I first posed the question to Henry Halem who was kind enough to entertain my humble question when I had the fortuitous chance to meet him briefly at SOFA Chicago last year. His response was that they “made ash trays” and “were not all that involved with GAS (Glass Art Society) from what he could recall.” Not entirely satisfied with that response, I left SOFA continuing to ruminate on the subject.

If the reader is unfamiliar with Higgins Glass then I highly recommend an excellent article by Donald-Brian Johnson that I just came across which includes a precious glimpse at some lovely images taken by Leslie Pina that showcase the incredible artisry (and NO, they are NOT all ash trays *wink @ Henry*) of Frances Higgins, one of my most beloved glass heroines, please visit this website:

So yes,  I have clearly and unabashedly approached my investigation from an utterly biased viewpoint. I do so adore Frances! Little did I realize just how complicated my question was going to be to answer.

First you must define “Studio Glass” and not everyone agrees on that definition. Just pay a quick little visit to and scroll down to the discussion on Studio Glass as it unfolds. Not the greatest source of credible information, but it illustrates my point that there is much debate and lack of agreement taking place about this very subject. Some have adopted an “Americentric” or exclusionary (blown glass only) way of looking at Studio Glass while others see a greater continuum, a bigger picture that includes folks like the Higginses as well as non-Americans in the conversation about Studio Glass.

I recently read and thoroughly enjoyed “American Studio Glass 1960 – 1990” by Martha Drexler Lynn ” (Hudson Hills Press, 168 pages, $40) published in 2004, where, in the context of her discussion in the book, she opens up the definition of Studio Glass to include “work made by any practitioner working outside the factory and using any technique, hot, warm or cold.” p. 14.  Consequentally, that would include folks like the Higginses, Edris Eckhardt, Heaton, and others in the overall conversation about Studio Glass. Quite a refreshing perspective lending credit to the fact that there were independent glass artists already working with and exploring glass before the infamous Toledo Workshops were held (which the Higginses attended BTW) in 1962. These trail-blazers were experimenting outside of industry in what I now understand is called the “proto-studio” setting, with limited resources and without any formal instruction or training available to them at the time. They were quite ahead of their time and perhaps are deserving of a shards (heehee) more credit that they have gotten along the way.

None of this is to take away from the very significant contribution Harvey Littleton made to the American Studio Glass Movement. Clearly he took things to a whole other level…a subject worthy of it’s own blog post. Indeed my hat is off to him!  However, I can’t help but notice how the lives of Frances, Michael and Mr. Littleton were intimately woven together. According to one of their chosen successors, Jonanthan Wimmer,  ‘Harvey would sleep on their couch when he would visit’ as the history of Studio Glass in America unfolded.

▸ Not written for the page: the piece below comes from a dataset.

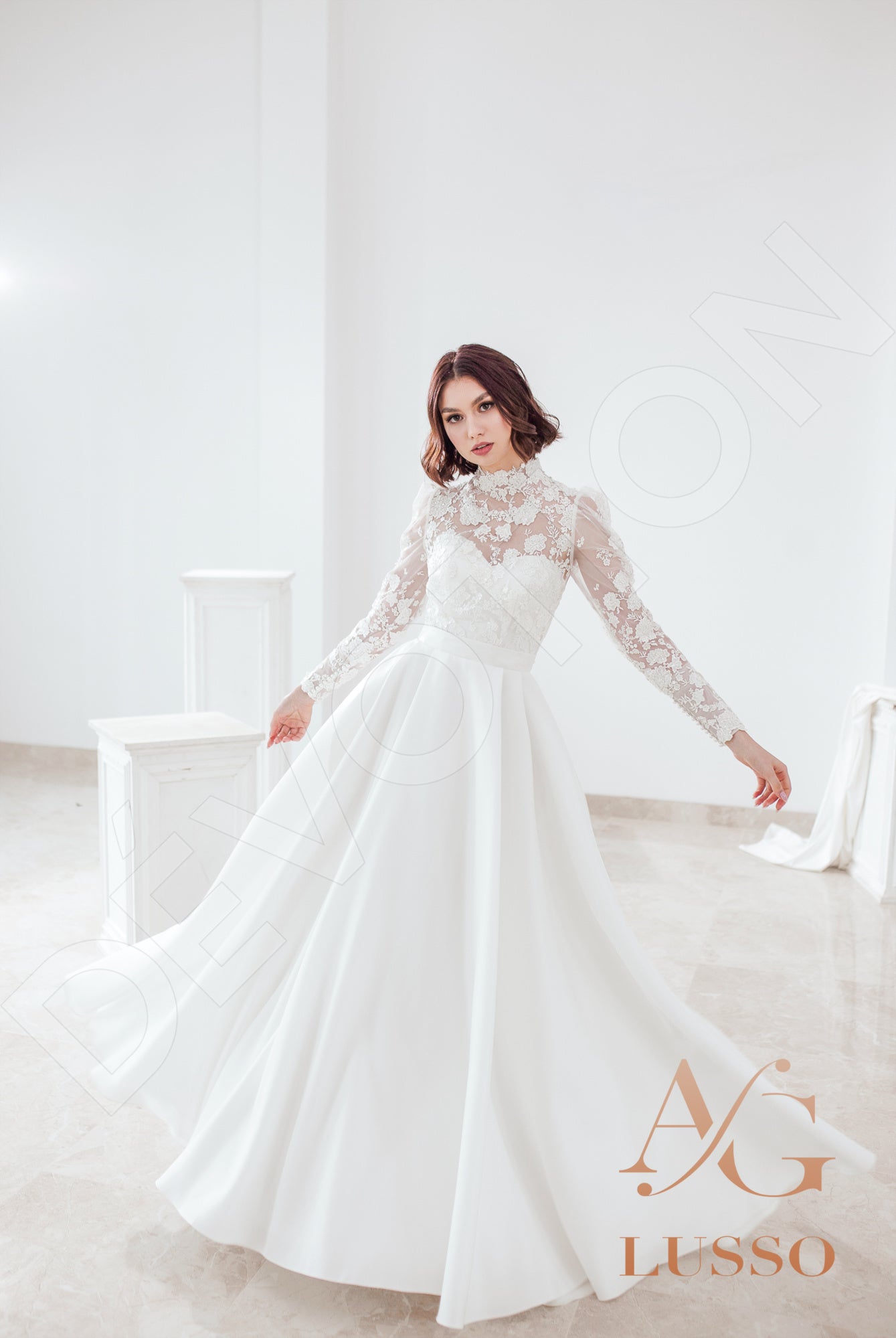 Janessa A-line High neck LightMilk Wedding dress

Drexler’s more inclusive definition of “Studio Glass” just sits better with this Higgins fan.


For further exploration on this subject:

  • Anyone with a remote interest in fused glass art or the pioneering, mid-century modern fused glass efforts of Frances and Michael Higgins will be charmed to learn about a very special DVD that was made in 1996 as they approached their final dance with glass.

The informative DVD titled: Higgins Glass: A visit with Frances and Michael Higgins, is something I became aware of after meeting Ed & Marth Biggar when I took a class on Bronze clay at the Bead & Button Show in Milwaukee. The DVD is exclusively available from Ed and Martha Biggar’s website here—>

Taken from the inside of the cover:

Frances and Michael Higgins worked for over 50 years in the fused glass field, renewing 20th century interest in this centuries-old medium. Insights into their history, their styles and techniques, and their lives together make this DVD a facinating view into their Riverside, Illinois studio; one that you will want to watch again and again. Perfect for artisans, collectors, or both, you’ll learn more about the Higgins and their work with each viewing.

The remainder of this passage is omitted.